(WHAT YOU ARE ASKED TO DO): Though the entries hold pictures, only their text should be duplicated, exactly and in full.

[Data entries]
★ ★ ★ ★ ★

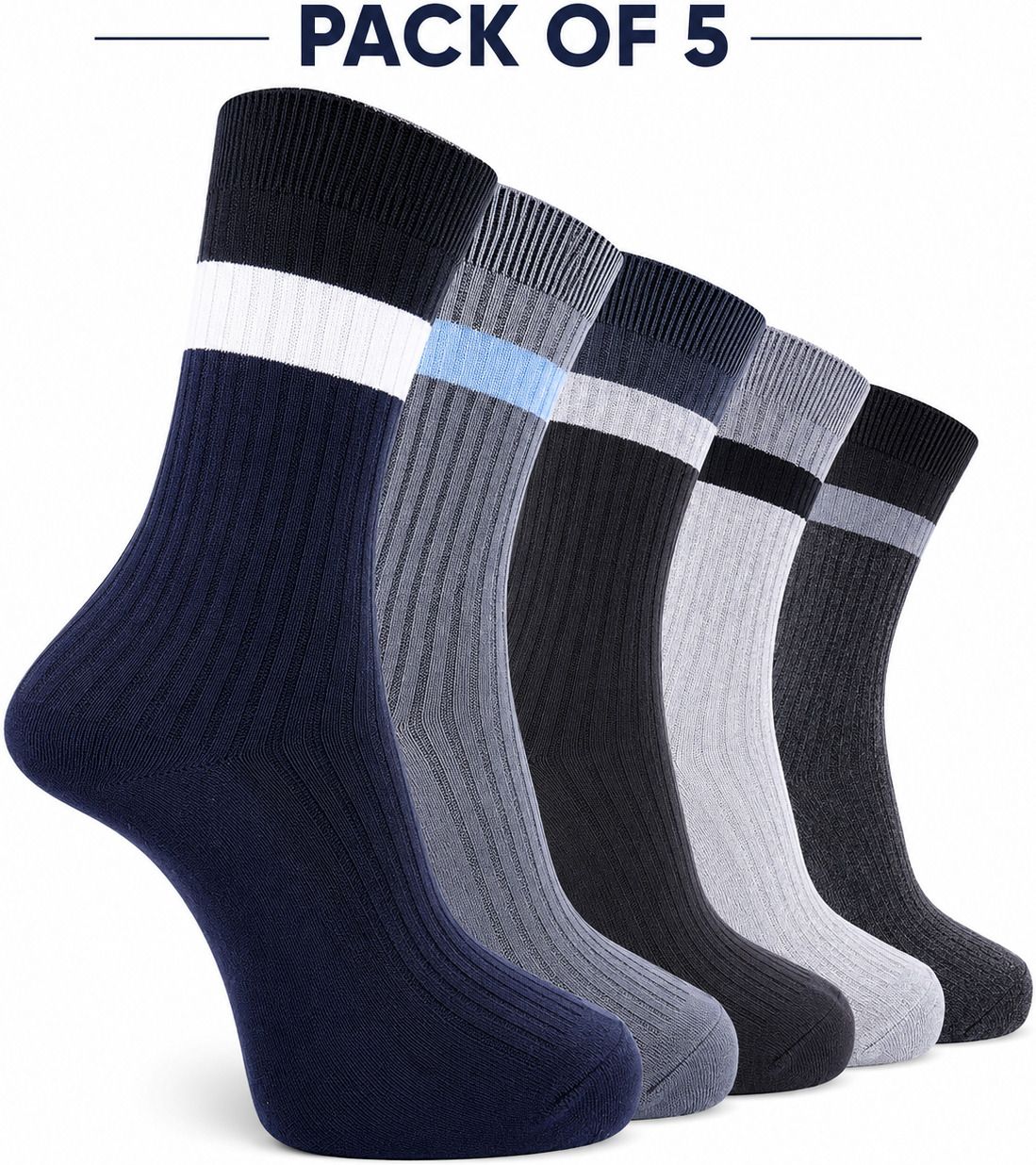 dollar Men Self Design Calf Length-picture-21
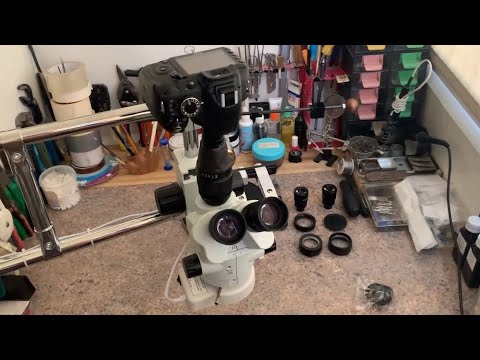 Мой микроскоп SZMN 7-45X, ОБЗОР, выводы, СТОИТ ЛИ ПОКУПАТЬ?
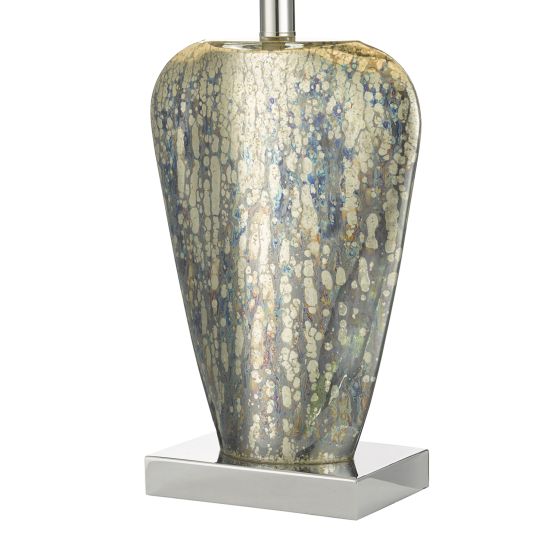 Där Lighting Syracuse Table Lamp Mercury Glass With Shade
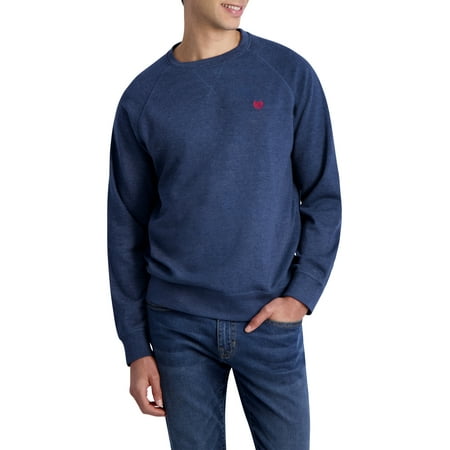 Chaps Men's Long Sleeve Soft French Terry Pullover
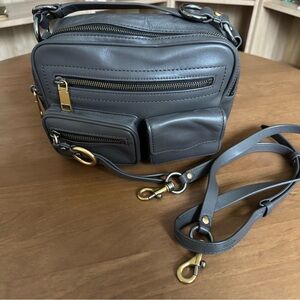 Rebecca Minkoff Gray Leather Crossbody Bag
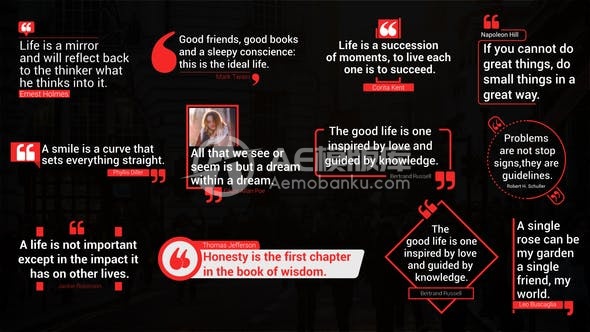 29444优雅的引文设计 AE模版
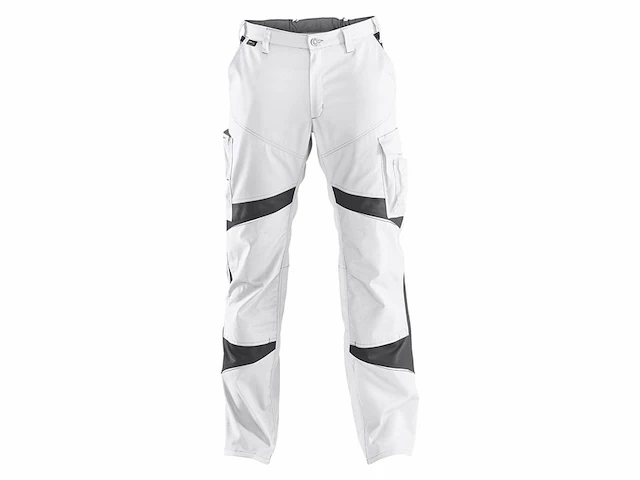 Kübler activiq werkbroek wit, maat 102, van gemengd weefsel, met kniebeschermzakken volgens en 14404 - afbeelding 1 van  1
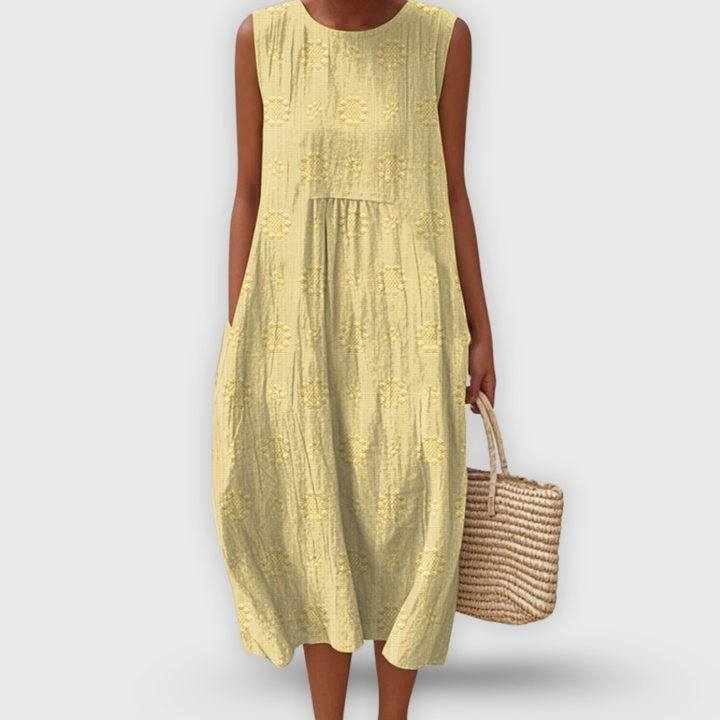 Chiara – Abito boho con ricami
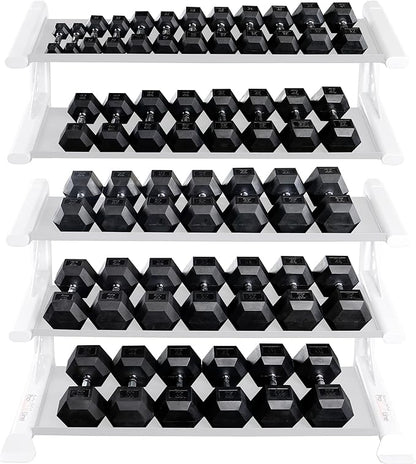 Body-Solid Rubber Coated Hexagon Dumbbells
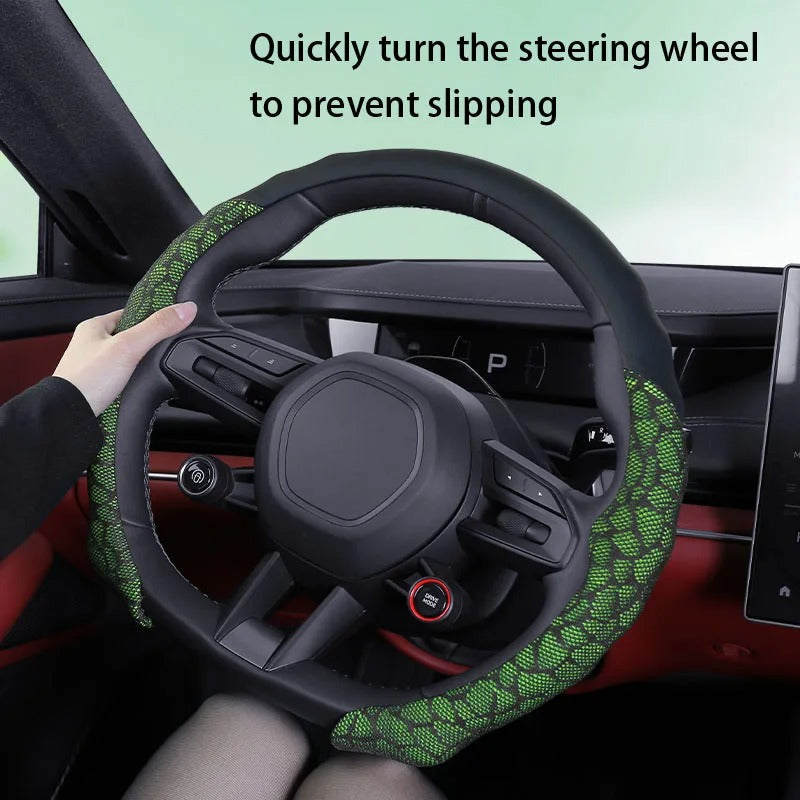 Pack 2 Crystal Car Steering Wheel Cover For Women Girls Cute Glitter Steer Wheel Cover Bling Rhinestone Diamond Car Steering Charm Protection, Car Steering Wheel Cover, Car Accessories 04 - Delicate Leather  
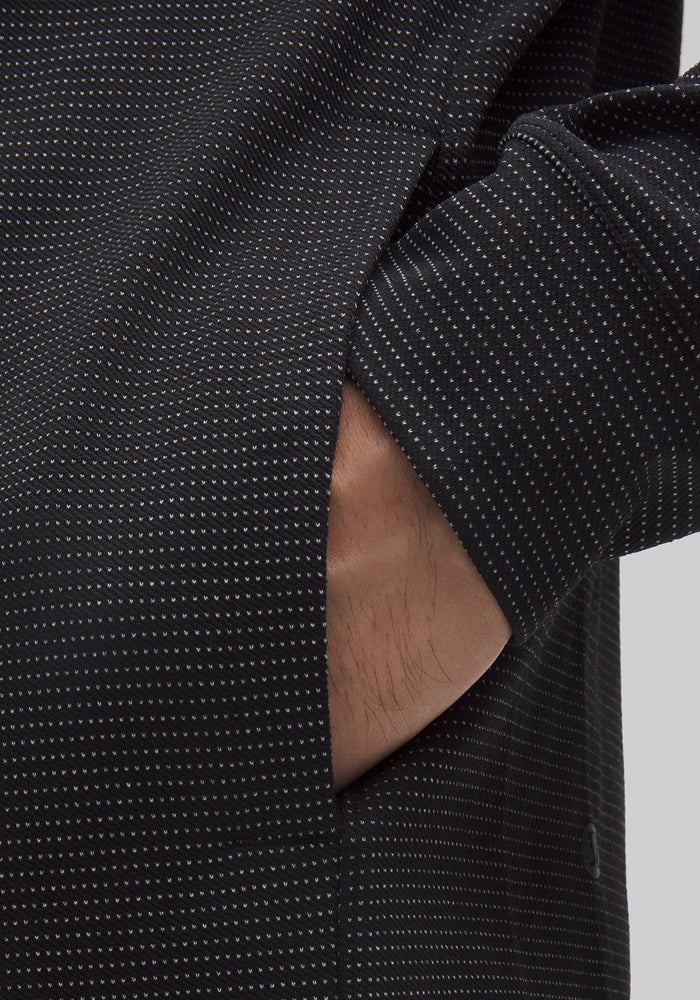 Reflective Knit Running Half Zip
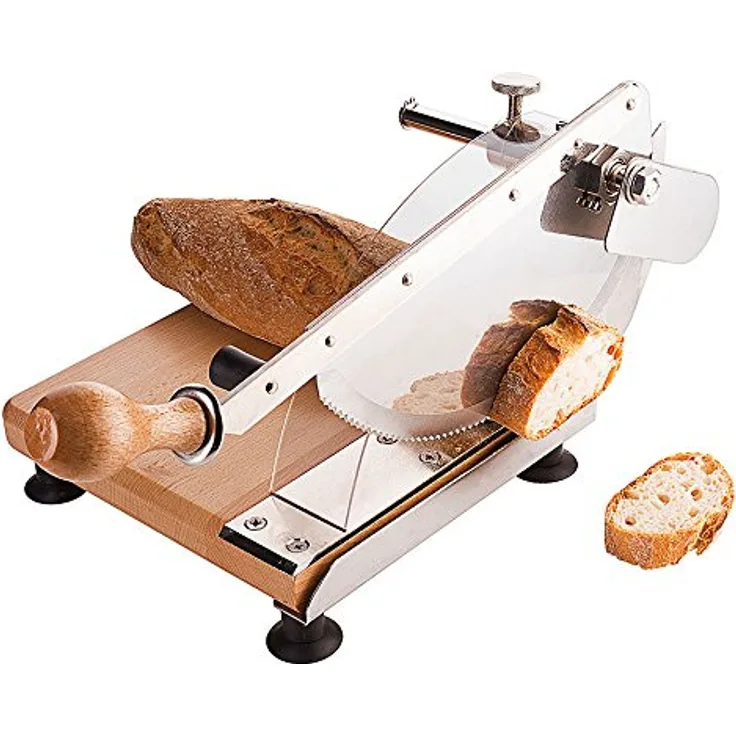 Contacto 574/230 Brotschneidegerät, 10 mm - 85 mm Schnittstärke, Gestell aus Buchenholz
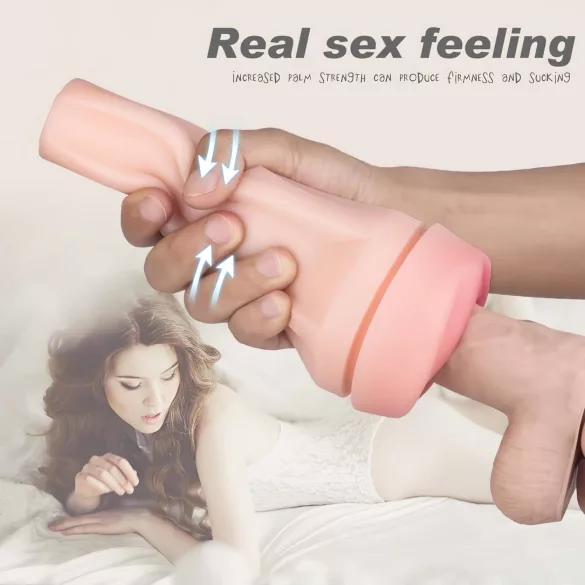 Sex HD Marcus - realistische Pussy im Etui (schwarz-natur)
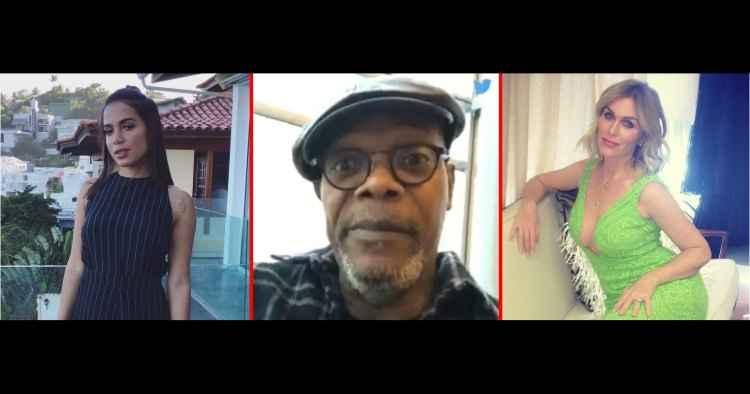 Instagram/anitta/Reprodução e Twitter/SamuelLJackson/Reprodução e Instagram/ludayer13/Reprodução Instagram/anitta/Reprodução e Twitter/SamuelLJackson/Reprodução e Instagram/ludayer13/Reprodução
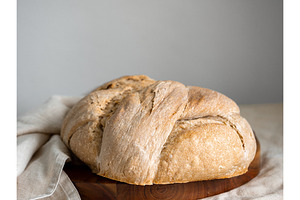 Minimalist sourdough bread loaf
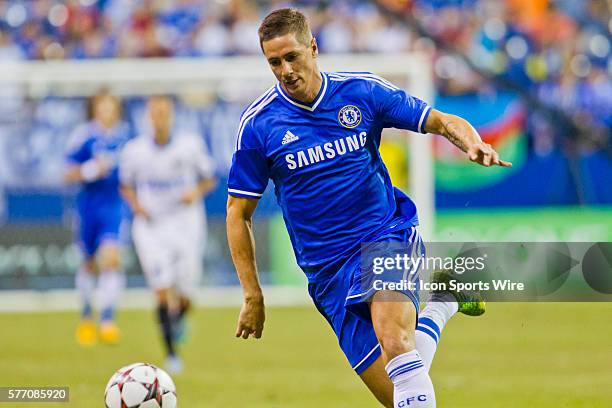 Chelsea's Fernando Torres pursues the ball in the second half of a Guinness International Champions Cup tournament soccer match between Chelsea FC...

★ ★ ★ ★ ★

(EXPECTED OUTPUT):
 dollar Men Self Design Calf Length-picture-21
 Мой микроскоп SZMN 7-45X, ОБЗОР, выводы, СТОИТ ЛИ ПОКУПАТЬ?
 Där Lighting Syracuse Table Lamp Mercury Glass With Shade
 Chaps Men's Long Sleeve Soft French Terry Pullover
 Rebecca Minkoff Gray Leather Crossbody Bag
 29444优雅的引文设计 AE模版
 Kübler activiq werkbroek wit, maat 102, van gemengd weefsel, met kniebeschermzakken volgens en 14404 - afbeelding 1 van  1
 Chiara – Abito boho con ricami
 Body-Solid Rubber Coated Hexagon Dumbbells
 Pack 2 Crystal Car Steering Wheel Cover For Women Girls Cute Glitter Steer Wheel Cover Bling Rhinestone Diamond Car Steering Charm Protection, Car Steering Wheel Cover, Car Accessories 04 - Delicate Leather  
 Reflective Knit Running Half Zip
 Contacto 574/230 Brotschneidegerät, 10 mm - 85 mm Schnittstärke, Gestell aus Buchenholz
 Sex HD Marcus - realistische Pussy im Etui (schwarz-natur)
 Instagram/anitta/Reprodução e Twitter/SamuelLJackson/Reprodução e Instagram/ludayer13/Reprodução Instagram/anitta/Reprodução e Twitter/SamuelLJackson/Reprodução e Instagram/ludayer13/Reprodução
 Minimalist sourdough bread loaf
 Chelsea's Fernando Torres pursues the ball in the second half of a Guinness International Champions Cup tournament soccer match between Chelsea FC...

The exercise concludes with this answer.